### Records provided
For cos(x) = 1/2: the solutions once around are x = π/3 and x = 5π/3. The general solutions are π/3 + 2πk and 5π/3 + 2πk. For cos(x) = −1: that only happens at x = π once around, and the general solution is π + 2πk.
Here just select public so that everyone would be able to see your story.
######
### Records provided
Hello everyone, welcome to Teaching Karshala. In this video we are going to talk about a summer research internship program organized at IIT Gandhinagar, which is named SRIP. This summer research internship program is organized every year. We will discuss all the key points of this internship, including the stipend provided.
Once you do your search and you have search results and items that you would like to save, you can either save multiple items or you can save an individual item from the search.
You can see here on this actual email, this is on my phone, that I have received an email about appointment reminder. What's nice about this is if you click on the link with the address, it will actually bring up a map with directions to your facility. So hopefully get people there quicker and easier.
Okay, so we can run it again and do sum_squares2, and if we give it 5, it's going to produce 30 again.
######
Within the listing above, locate the line containing "For cos(x) = 1/2: the" and the line containing "Here just select". Reproduce those two lines and all lines between them exactly, with nothing added.

## The completed task:
For cos(x) = 1/2: the solutions once around are x = π/3 and x = 5π/3. The general solutions are π/3 + 2πk and 5π/3 + 2πk. For cos(x) = −1: that only happens at x = π once around, and the general solution is π + 2πk.
Here just select public so that everyone would be able to see your story.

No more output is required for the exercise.